Hab nur mal eine kleine Frage.

Ihr kennt bestimmt seiten wo man zu so einer weißen index site kommt,, Index of "irgendwas"!!

allso wo die ordner aufgelistet sind

will nur eine kleine fotosammlung online stellen für ein paar kumpels und ich denke das ist nicht schlecht das so zu lösen.
oder habt ihr andere vorschläge?

also wie mach ich das am besten.
den link vielleicht direkt zum ordner ? /images/party ??

-thx 

-greez


----------



## THE REAL TOOLKIT (17. Juni 2002)

die seiten werden automatisch generiert wenn sich in dem ordner kein index.html/htm/php/cgi/asp/shtml datei befindet
wie genau hängt mir der konfihurationn des servers zusammen


----------



## d4k4 (18. Juni 2002)

also könntest du ja ne weisse hmtl seite machen die ordner grafiken einbauen und die jeweilgen links dazu. baust es im prinzip nach.


----------



## Christoph (18. Juni 2002)

sowas nennt man *Directory listing*!

hängt vom Server ab. bzw kann man durch .htaccess unterbinden!


----------



## foxx21 (19. Juni 2002)

und wie??????????


erstens das und 2.tens


wie mach ich das dann wenn ich die site nachgebaut habe, is ja kein problem aber wo muss der link dan hingehen, ich habe jetzt einen ordner in dem nur fotos sind wenn ich den link folgend setzte 

...../party/ 

bekomm ich das diese seite nicht angezeigt werden kann, 

ich kenn da ein gutes beispiel das aber pw versehen ist und ich möchte das pw jetzt nicht hier reinposten vielleicht könnte sich jemand per icq melden 98130205 wär super

-greez


----------



## Christoph (20. Juni 2002)

ich glaube:

*directory listing* kann man nur unterbinden wenn es noch nicht den Webserver-Einstellungen her unterbunden worden ist.

aber aktivieren?!?! glaub ich nicht das das geht? erstell einfach mal nen ordner ohne default.htm, index.htm.......usw. einfach nur bilder. dann siehst du´s obs funzt!


----------



## foxx21 (24. Juni 2002)

nö geht nicht


----------



## Christoph (24. Juni 2002)

hast du´s vielleicht mit -htaccess unterbunden???

Schreib deinem WEBSPACE-Anbieter mal ne mail und frag wie´s da mit directory listing steht.

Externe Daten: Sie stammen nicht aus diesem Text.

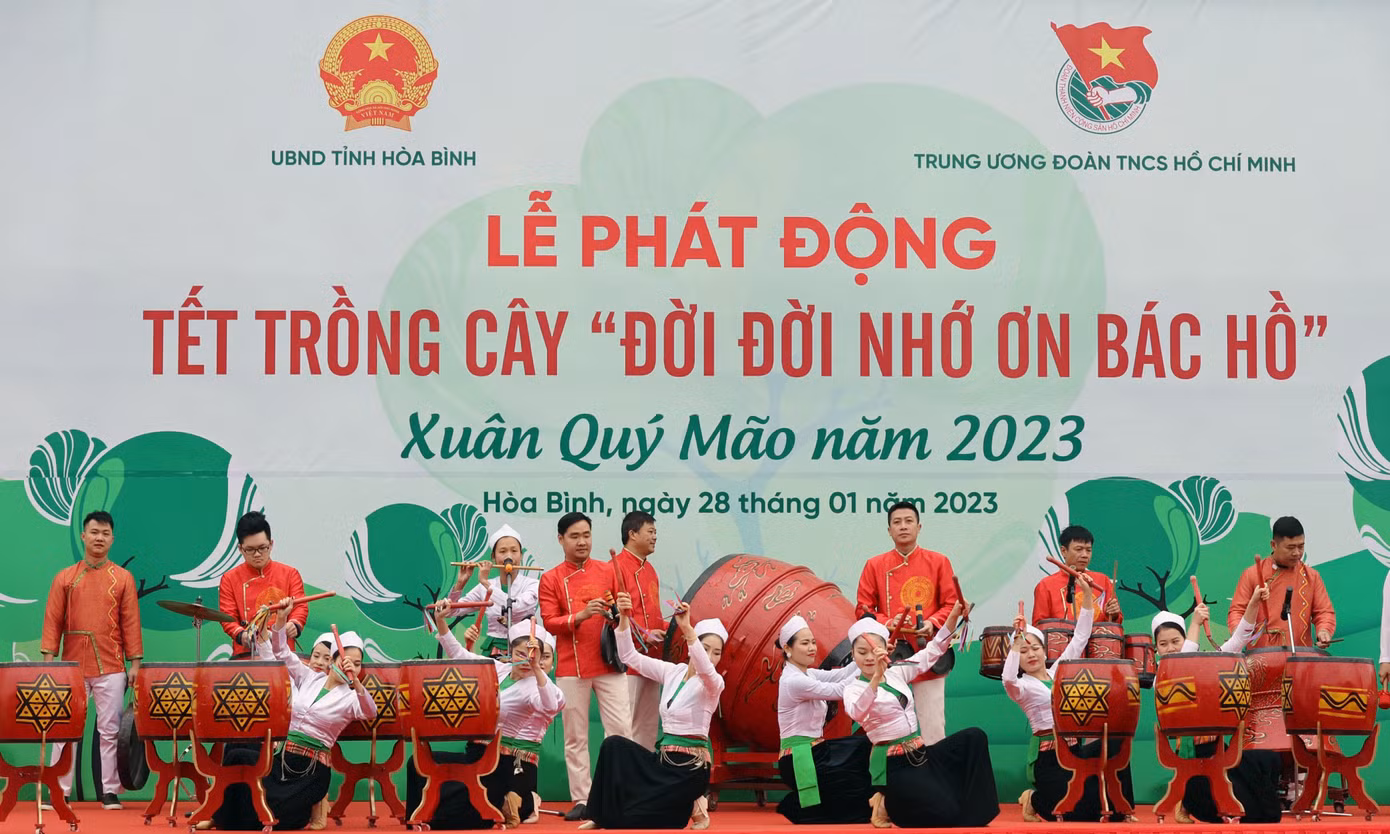 Lễ phát động Tết trồng cây "Đời đời nhớ ơn Bác Hồ" Xuân Quý Mão năm 2023 tại Hòa Bình. Ảnh: Như Ý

sonst kannst du´s ja immer noch selbst in HTML erstellen.


----------



## Marvin (26. Juli 2002)

wenn dein webserver php unterstützt füge folgenden code einfach in eine datei namens list.php, die in den ordner kopieren und auf die datei verlinken. oder kopiers in ne index.php die du da rein kopierst dann reicht es wenn du nur auf den ordner linkst.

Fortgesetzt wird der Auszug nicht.